■ Exercise details ■
Among the entries below, only the lines from the one with "Kitchen Craft Crusty" through the one with "Collier De Serrage" are wanted, reproduced exactly. Pictures are not wanted.
----- Record extracts -----
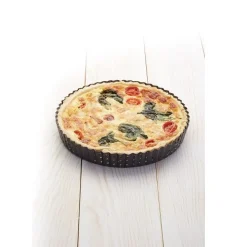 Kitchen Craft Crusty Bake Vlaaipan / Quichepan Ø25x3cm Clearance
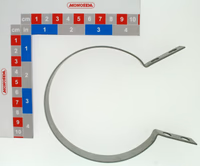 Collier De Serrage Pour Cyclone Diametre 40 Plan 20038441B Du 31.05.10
-----
----- Record extracts -----
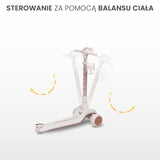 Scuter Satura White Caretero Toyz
-----
----- Record extracts -----
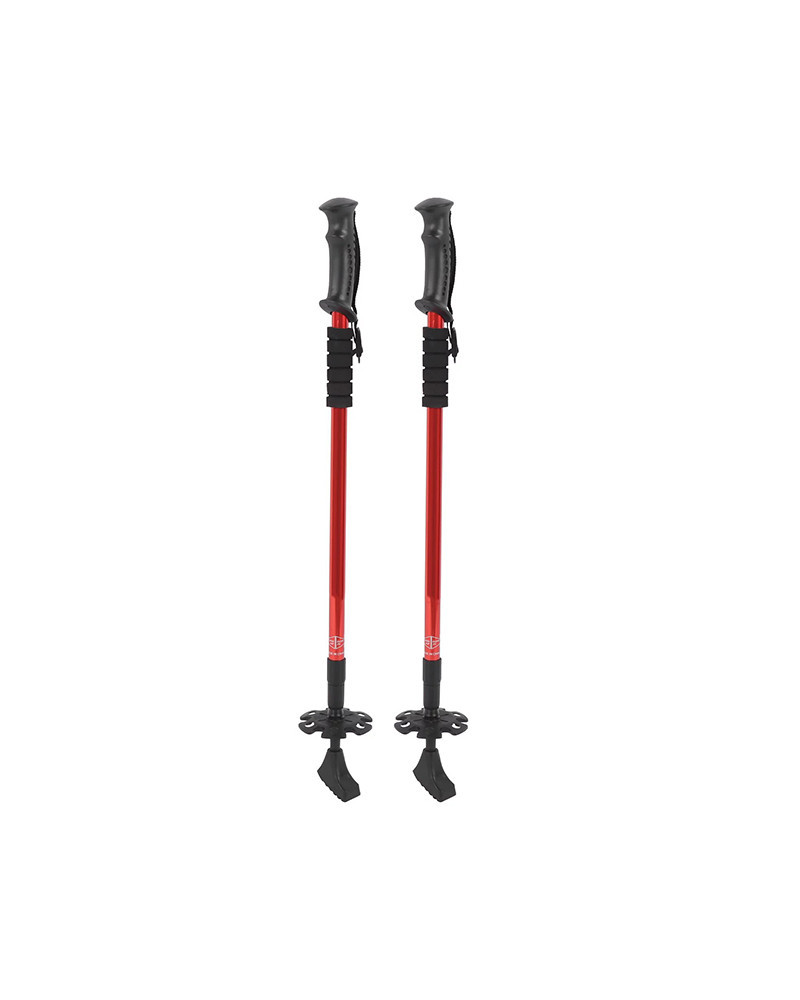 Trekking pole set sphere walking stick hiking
-----
■ Answer space ■
 Kitchen Craft Crusty Bake Vlaaipan / Quichepan Ø25x3cm Clearance
 Collier De Serrage Pour Cyclone Diametre 40 Plan 20038441B Du 31.05.10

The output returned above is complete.